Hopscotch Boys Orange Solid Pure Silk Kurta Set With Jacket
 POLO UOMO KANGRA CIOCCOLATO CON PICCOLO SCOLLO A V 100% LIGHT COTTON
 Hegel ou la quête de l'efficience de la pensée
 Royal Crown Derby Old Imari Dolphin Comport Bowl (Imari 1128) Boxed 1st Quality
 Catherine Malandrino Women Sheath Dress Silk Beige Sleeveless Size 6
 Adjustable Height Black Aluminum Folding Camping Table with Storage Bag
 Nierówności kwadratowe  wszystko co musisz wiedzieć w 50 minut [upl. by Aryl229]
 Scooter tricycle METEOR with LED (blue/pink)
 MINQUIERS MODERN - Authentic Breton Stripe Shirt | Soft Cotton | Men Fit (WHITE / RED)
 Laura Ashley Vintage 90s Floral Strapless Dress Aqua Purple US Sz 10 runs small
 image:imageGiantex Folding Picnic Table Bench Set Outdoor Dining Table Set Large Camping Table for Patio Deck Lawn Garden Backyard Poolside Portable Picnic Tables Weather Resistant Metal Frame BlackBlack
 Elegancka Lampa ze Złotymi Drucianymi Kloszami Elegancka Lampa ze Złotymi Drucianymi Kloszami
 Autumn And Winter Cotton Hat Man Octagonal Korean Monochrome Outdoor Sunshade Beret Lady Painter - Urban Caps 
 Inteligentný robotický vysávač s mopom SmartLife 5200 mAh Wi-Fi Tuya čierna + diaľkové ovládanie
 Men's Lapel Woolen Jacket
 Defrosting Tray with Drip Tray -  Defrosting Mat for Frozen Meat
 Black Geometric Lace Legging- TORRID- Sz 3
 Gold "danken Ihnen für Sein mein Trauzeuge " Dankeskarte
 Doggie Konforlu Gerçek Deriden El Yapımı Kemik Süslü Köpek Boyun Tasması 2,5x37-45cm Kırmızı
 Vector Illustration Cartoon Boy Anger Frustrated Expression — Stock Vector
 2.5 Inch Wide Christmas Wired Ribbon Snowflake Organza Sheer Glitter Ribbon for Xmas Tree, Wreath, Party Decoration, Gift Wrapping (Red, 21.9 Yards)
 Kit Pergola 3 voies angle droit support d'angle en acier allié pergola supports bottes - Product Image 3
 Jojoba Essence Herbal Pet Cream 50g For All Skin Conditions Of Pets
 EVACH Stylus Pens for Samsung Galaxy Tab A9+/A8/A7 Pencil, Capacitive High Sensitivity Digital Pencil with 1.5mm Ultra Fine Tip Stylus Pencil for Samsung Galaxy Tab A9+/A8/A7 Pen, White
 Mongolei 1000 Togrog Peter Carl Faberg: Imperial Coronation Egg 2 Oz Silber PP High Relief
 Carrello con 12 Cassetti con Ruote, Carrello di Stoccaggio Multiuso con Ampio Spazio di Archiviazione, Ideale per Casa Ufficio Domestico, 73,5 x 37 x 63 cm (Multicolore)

● What you should do
Taking the entries above, write out exactly the lines starting with the line containing "Elegancka Lampa ze Złotymi Drucianymi Kloszami Elegancka" and going on through the line containing "Black Geometric Lace Legging- TORRID- Sz 3", both included, and nothing else.

● Response to the task
 Elegancka Lampa ze Złotymi Drucianymi Kloszami Elegancka Lampa ze Złotymi Drucianymi Kloszami
 Autumn And Winter Cotton Hat Man Octagonal Korean Monochrome Outdoor Sunshade Beret Lady Painter - Urban Caps 
 Inteligentný robotický vysávač s mopom SmartLife 5200 mAh Wi-Fi Tuya čierna + diaľkové ovládanie
 Men's Lapel Woolen Jacket
 Defrosting Tray with Drip Tray -  Defrosting Mat for Frozen Meat
 Black Geometric Lace Legging- TORRID- Sz 3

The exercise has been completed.